> **Short descriptive text snippets**
'''
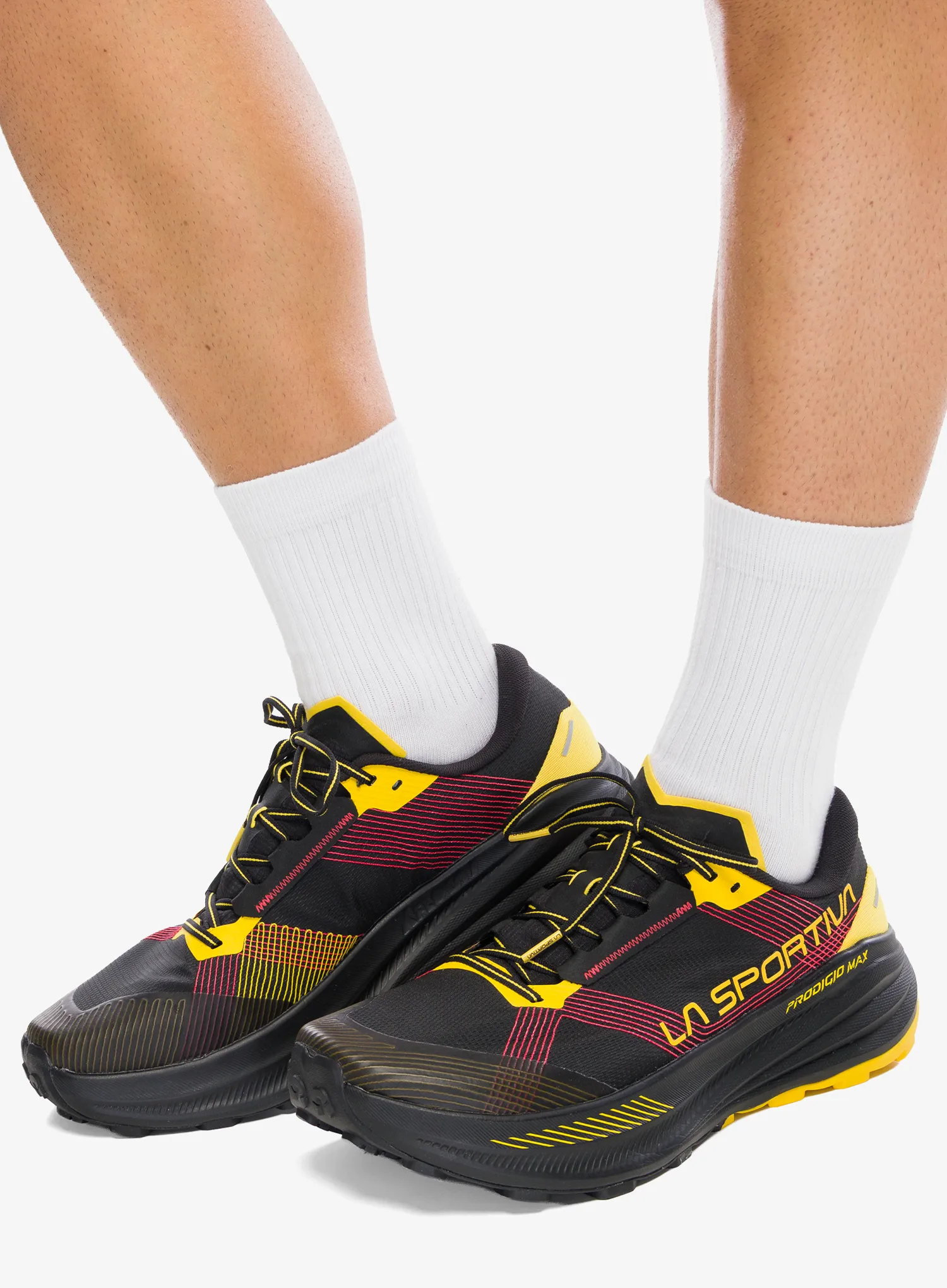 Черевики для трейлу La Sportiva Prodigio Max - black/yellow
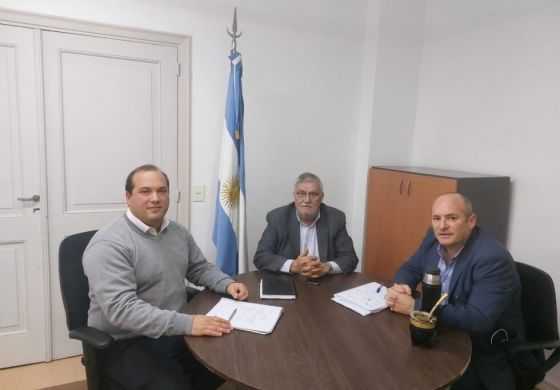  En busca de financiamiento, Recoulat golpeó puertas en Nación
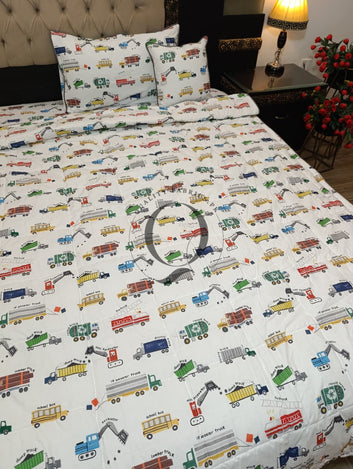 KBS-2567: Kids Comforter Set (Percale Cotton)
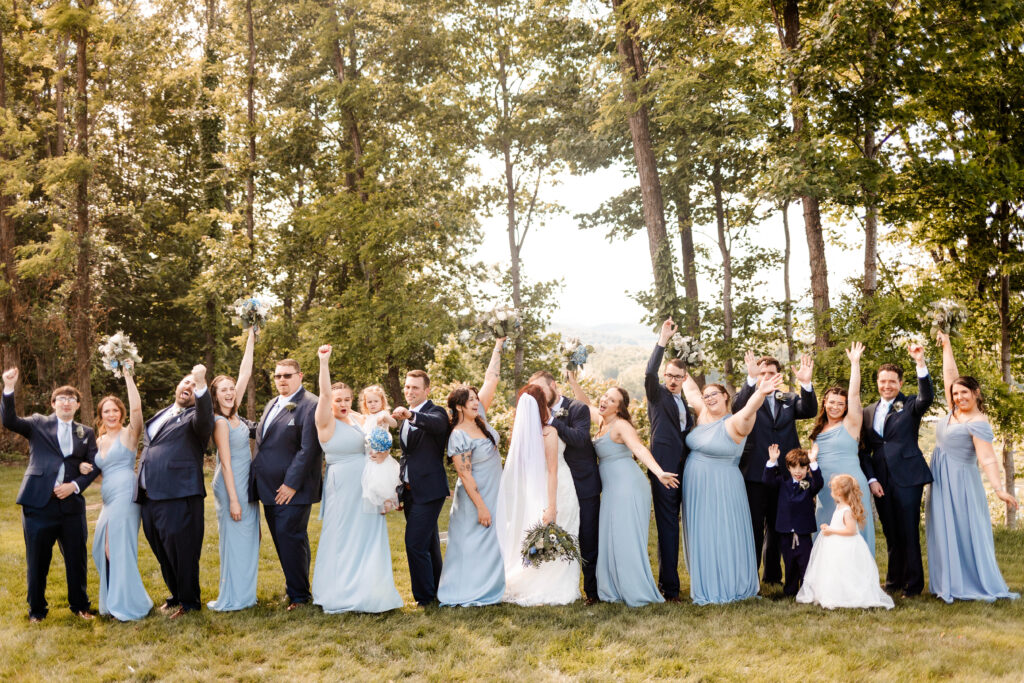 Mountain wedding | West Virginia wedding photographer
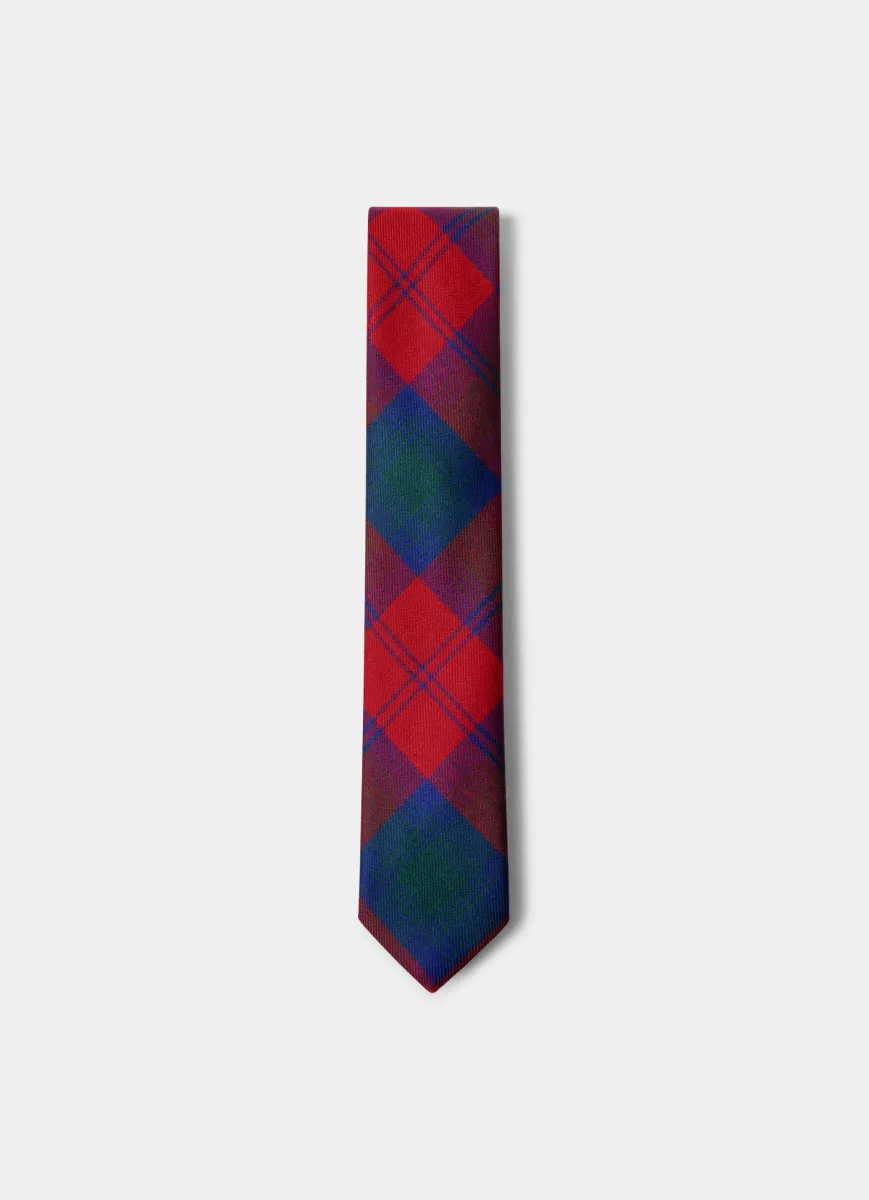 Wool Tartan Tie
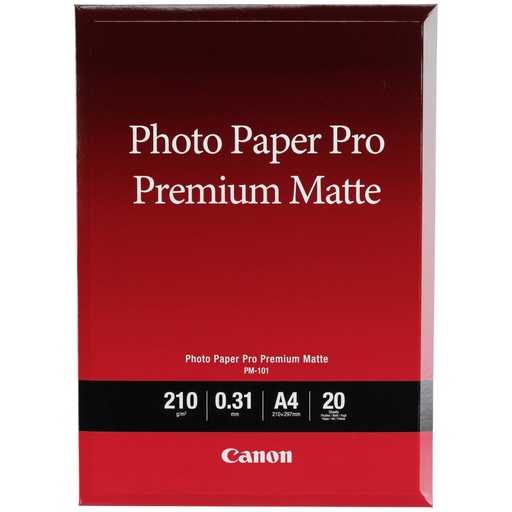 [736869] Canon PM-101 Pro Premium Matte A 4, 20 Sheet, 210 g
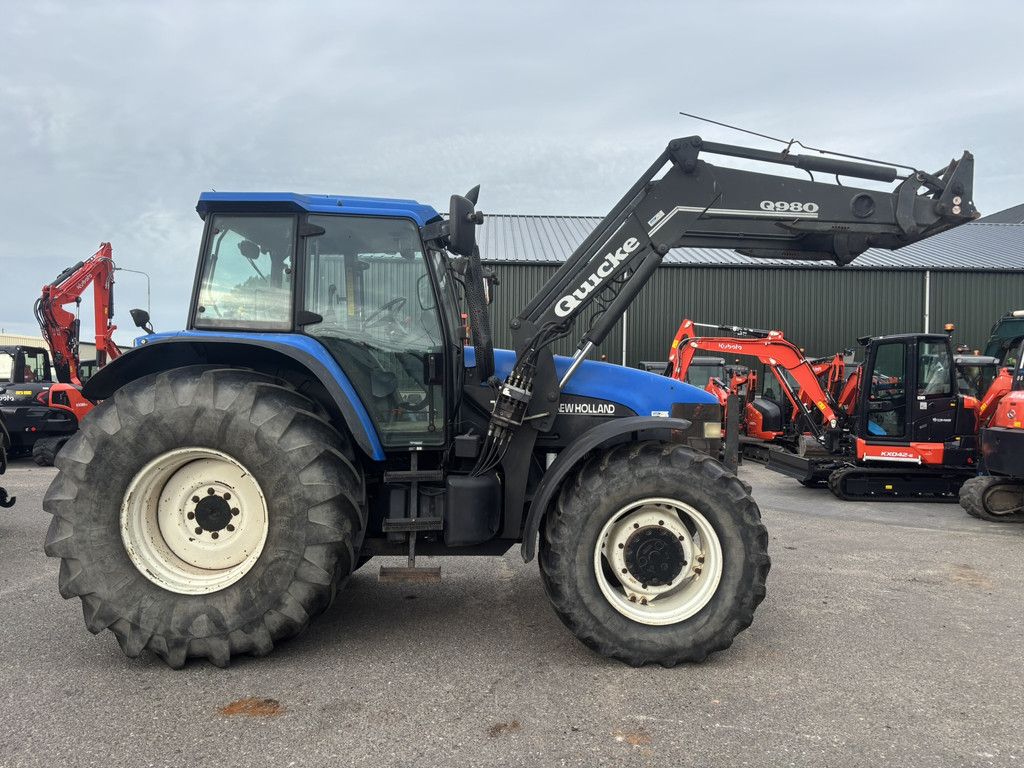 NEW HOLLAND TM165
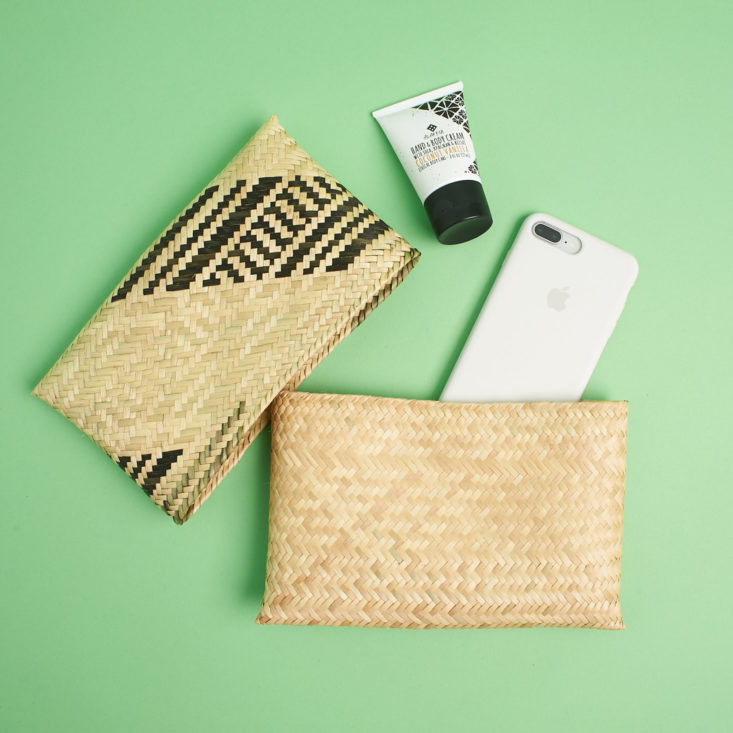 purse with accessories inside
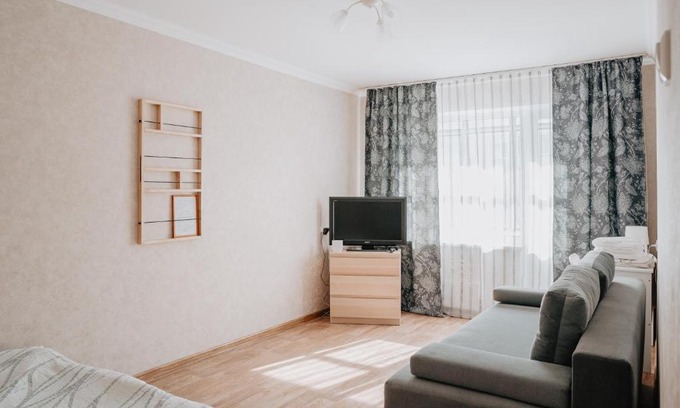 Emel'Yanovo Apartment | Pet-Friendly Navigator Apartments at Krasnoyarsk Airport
'''
> **Assigned task**
From the line that contains "Wool Tartan Tie" through the last line of the entries, transcribe every line exactly, leaving out the pictures.

> **Response to this task**
 Wool Tartan Tie
 [736869] Canon PM-101 Pro Premium Matte A 4, 20 Sheet, 210 g
 NEW HOLLAND TM165
 purse with accessories inside
 Emel'Yanovo Apartment | Pet-Friendly Navigator Apartments at Krasnoyarsk Airport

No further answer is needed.